→ Directions for this task: Leave out every picture, and restate word for word only the lines from the one containing "鸡爪最香的做法，连锅都想吃了，酱香浓郁，一次两斤不够吃" through the end of the material.

*** Opening of Stored data ***

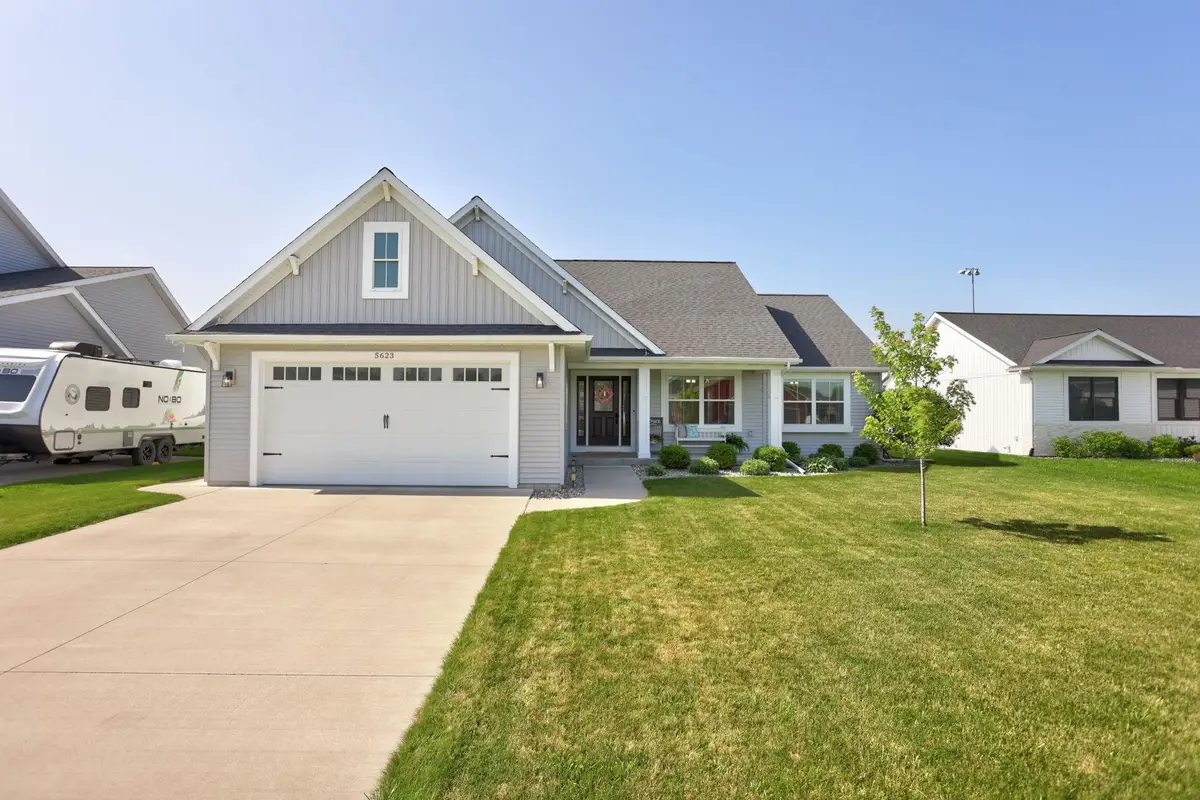 5623 S Stone Briar Lane, Freeland, MI 48623 - #1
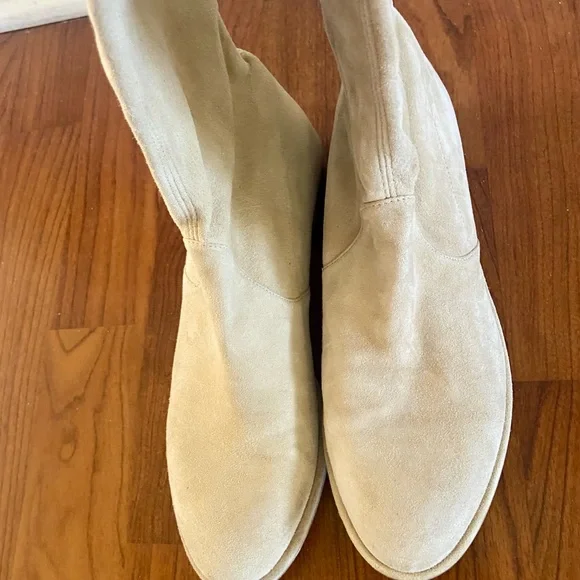 Stuart Weitzman Lowland over the knee suede boots - Picture 9 of 11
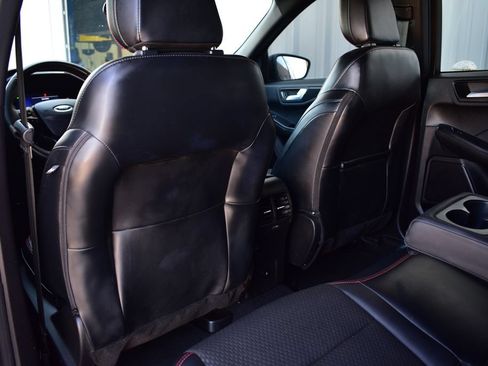 Used 2023 Ford Escape ST-Line w/ Equipment Group 301A FWD image 23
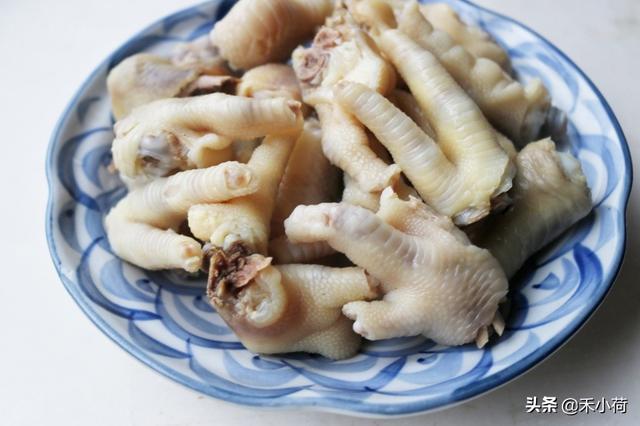 鸡爪最香的做法，连锅都想吃了，酱香浓郁，一次两斤不够吃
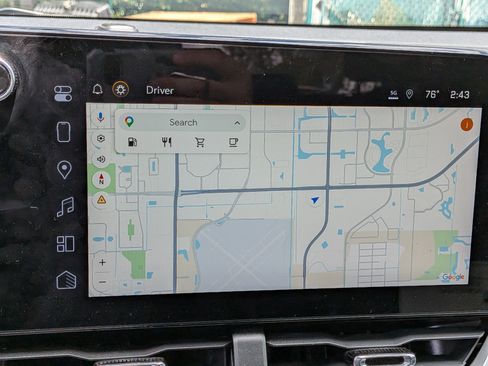 Used 2025 Chevrolet Equinox LT w/ Safety and Technology Package image 31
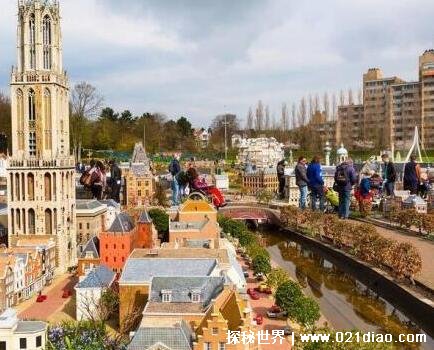 世界上最小的城市是哪个，荷兰海牙马德罗丹小人国(仅有1.8平方公里)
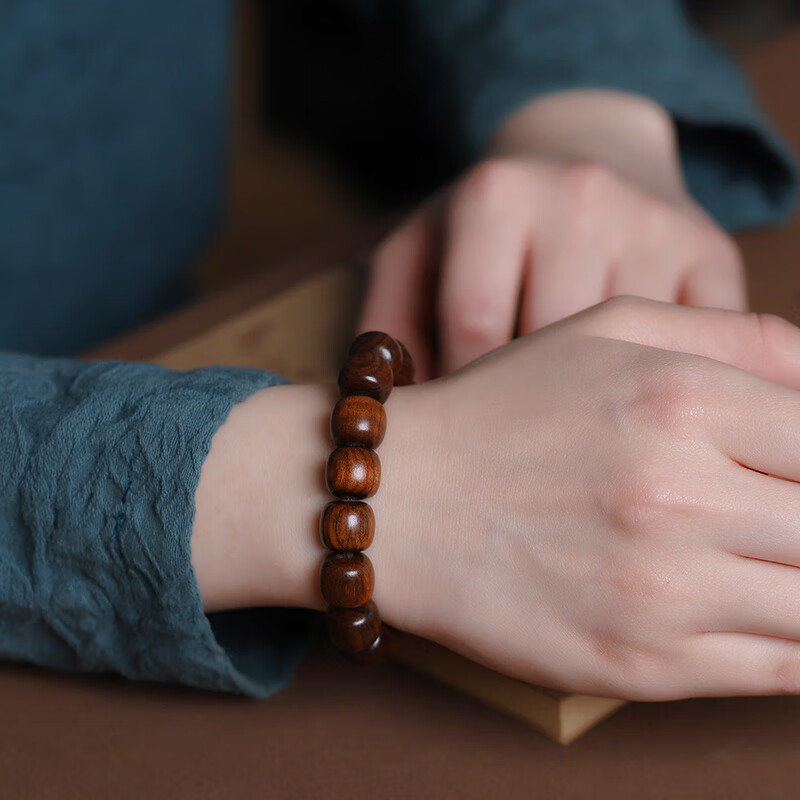 Authentic Hainan old material Huanghuali Dalbergia odorifera light-colored pear purple oil pear old-style bracelet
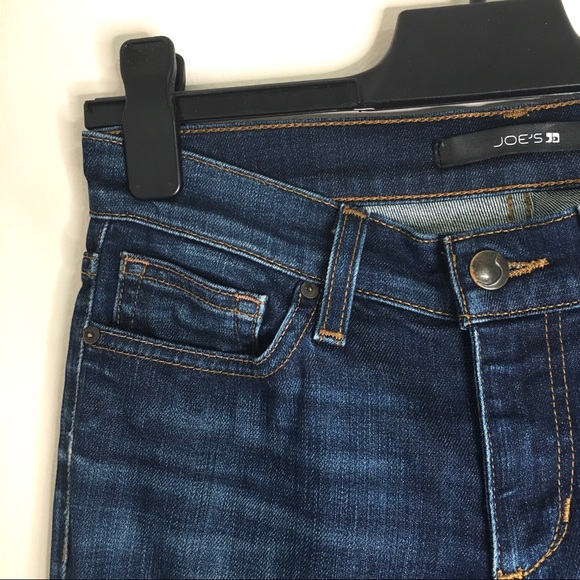 Joe’s Jeans Arielle Petite Straight - Picture 4 of 9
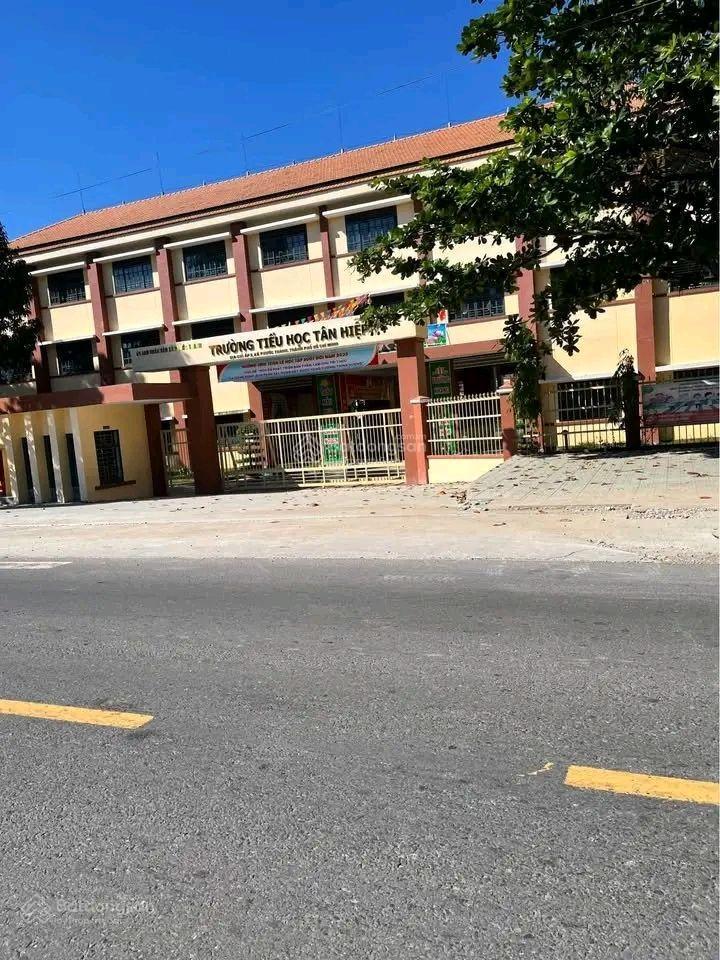Bán đất tại đường dh511, xã tân hiệp, huyện phú giáo, 500 triệu, 205m2, giá siêu hời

*** Close of Stored data ***

→ Reply:
 鸡爪最香的做法，连锅都想吃了，酱香浓郁，一次两斤不够吃
 Used 2025 Chevrolet Equinox LT w/ Safety and Technology Package image 31
 世界上最小的城市是哪个，荷兰海牙马德罗丹小人国(仅有1.8平方公里)
 Authentic Hainan old material Huanghuali Dalbergia odorifera light-colored pear purple oil pear old-style bracelet
 Joe’s Jeans Arielle Petite Straight - Picture 4 of 9
Bán đất tại đường dh511, xã tân hiệp, huyện phú giáo, 500 triệu, 205m2, giá siêu hời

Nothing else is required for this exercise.